Рыцарь надменно улыбнулся:
– Я?! Я из тех, кого покойный король, к своему прискорбию, очень хорошо знал! Я – Туркин, брат сэра Карадока из Замка скорби.
– Кто этот мальчик?
– Это Оуэн, трусливый сын храброго отца, который поручил его мне, чтоб я воспитал из него рыцаря.
– Нет, король, он лжет! – воскликнул мальчик, по-прежнему лежавший у ног короля. – Я его племянник. Он изменнически убил моего отца и уморил голодом мою мать, потому что мы были богаты, а он беден. При жизни отец всячески оберегал меня от него, а теперь дядя обращается со мной как с пленником, заставляет голодать и немилосердно избивает. Я думаю, он хочет извести меня!
– Я могу подтвердить слова мальчика, он говорит правду! – заметил вышедший из толпы рыцарь. – Я сэр Майлс Бэндон, двоюродный брат его покойного отца. Сэр Туркин – безжалостный человек.
Чело короля омрачилось, и он перевел взгляд с жестокого, надменного лица Черного рыцаря на бледное умоляющее личико пажа.
– Слушай, – гневно вскричал король, обращаясь к Туркину, – ты ответишь перед судом за все зло, которое причинил мальчику и его родным! Когда я пошлю за тобой, являйся немедленно, не то будет плохо. Мальчик останется здесь. Ступай!
Рыцарь с ненавистью и изумлением посмотрел на короля. Помолчав, он презрительно рассмеялся и вскочил на коня.
– Я явлюсь, когда ты меня не ожидаешь, государь! – насмешливо прибавил он и грозно взглянул на пажа.
Так паж Оуэн остался при дворе; он преданно служил королю и ревностно исполнял его приказания.
Как-то в бурную ночь, когда все огни в городе были потушены, король сидел в своих покоях. Сэр Кэй и сэр Бедивер рассказывали ему сказки, а придворный бард развлекал короля песнями. Юный паж Оуэн неслышной поступью пробрался к входной двери и обошел дозором весь дворец, прислушиваясь к малейшему шуму. Потом он заглянул к привратнику, постоял у калитки.

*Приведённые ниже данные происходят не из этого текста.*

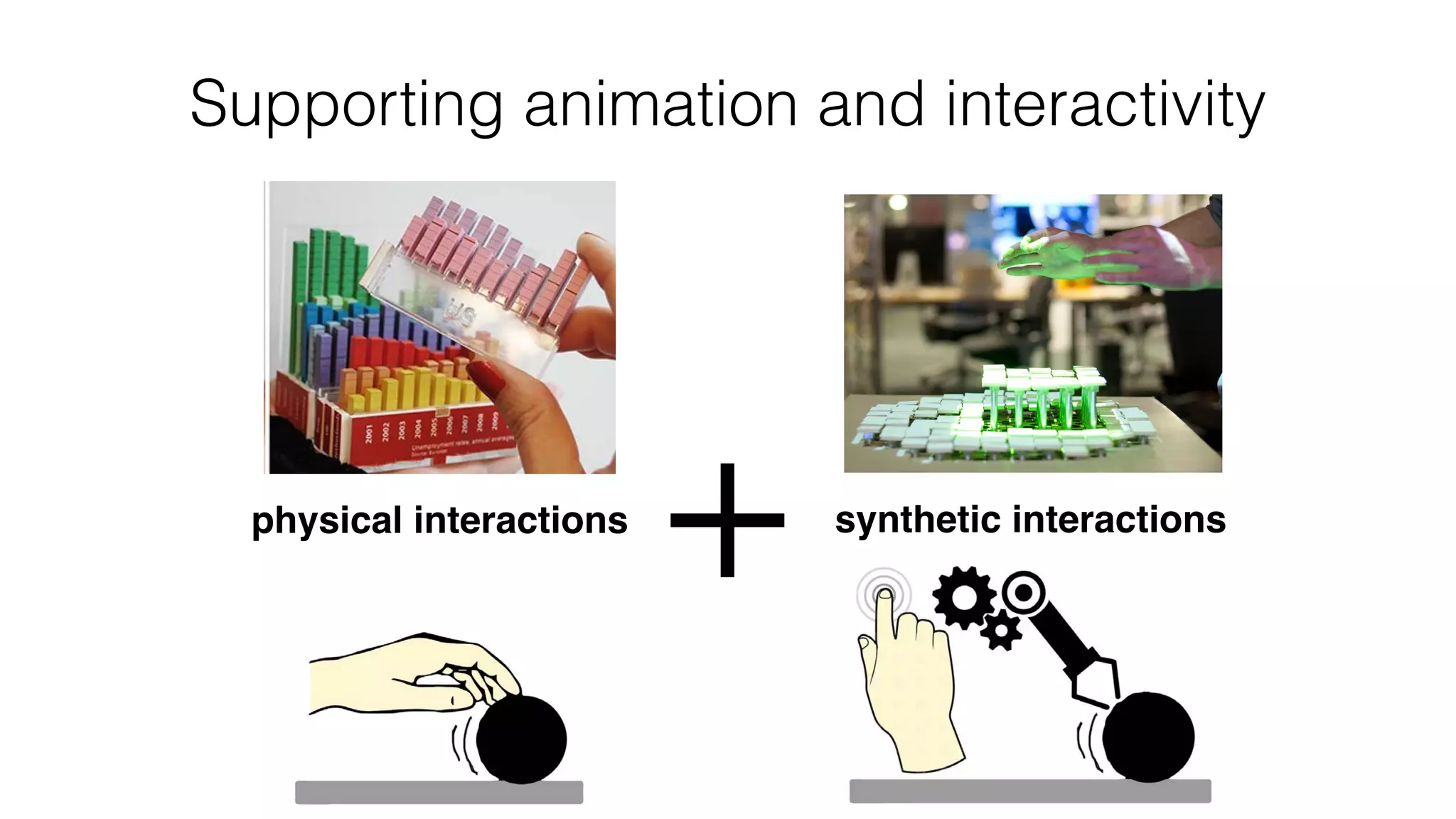 Supporting animation and interactivity
physical interactions synthetic interactions
+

Всякий раз, когда ветер завывал в щелях, паж вздрагивал и озирался.
– А пожалуй, Фальк, в такую бурную ночь едва ли кто выйдет на улицу, – проговорил он, снова подходя к привратнику.
– Разумеется, – согласился Фальк.
– Мне послышалось бряцание узды – не иначе где-то близко стоит оседланный конь.

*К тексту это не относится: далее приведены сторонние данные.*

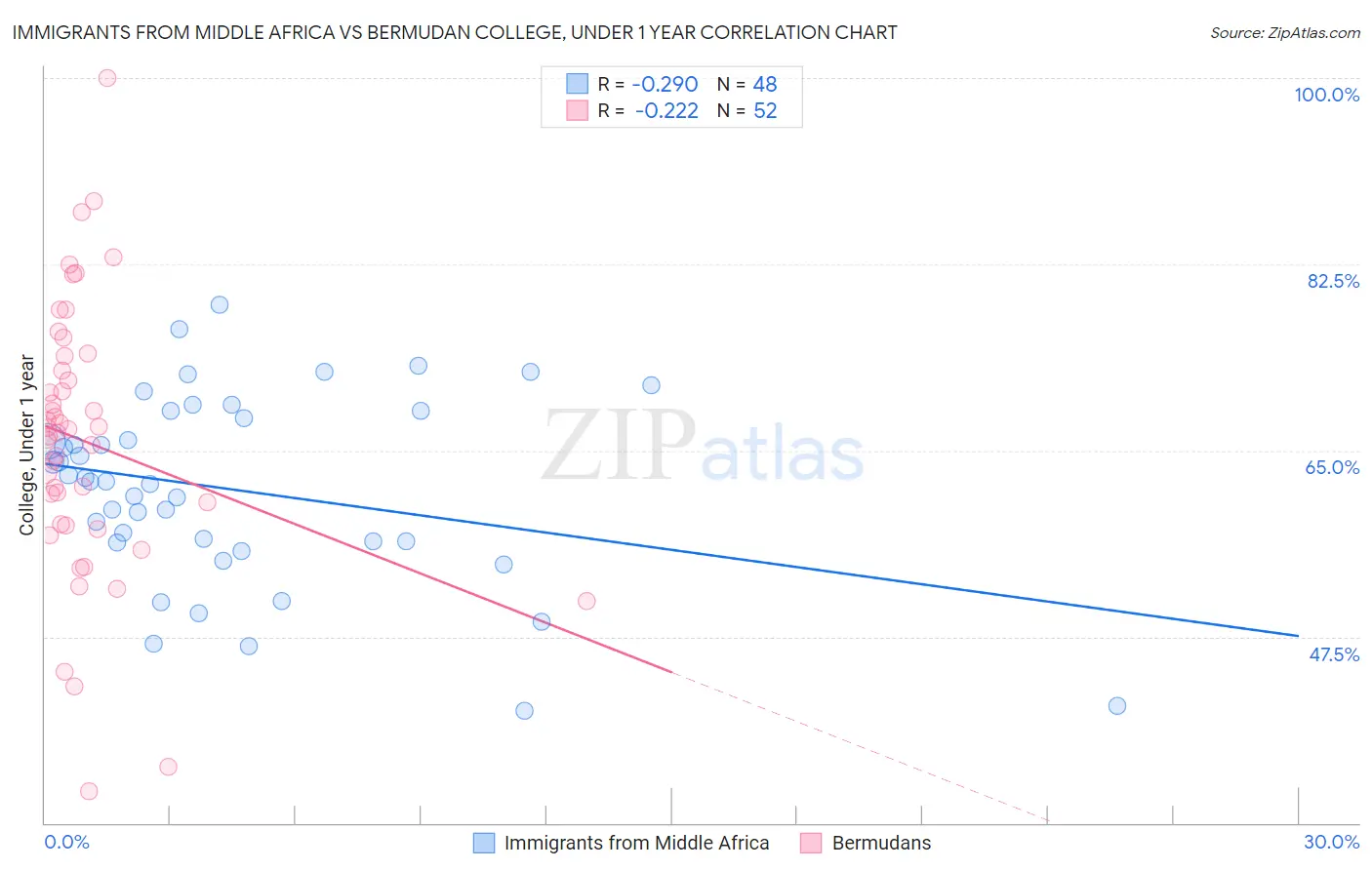 Immigrants from Middle Africa vs Bermudan College, Under 1 year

– Я ничего не слышу, – возразил Фальк. – Это, должно быть, в конюшне топчутся кони.
Оуэн воротился в покои, где король с вельможами слушал удивительные рассказы мудрого Эгидия о страшных ведьмах и колдунах, обитавших в лесах Британии. Однако беспокойство не оставляло его, и он вернулся к калитке и снова прислушался.
– Сегодняшний ливень сорвет последние листья с деревьев в лесу, – обратился он к привратнику во второй раз за ночь.
– По правде говоря, – отозвался Фальк, – листья давно уже облетели и гниют в дорожной грязи.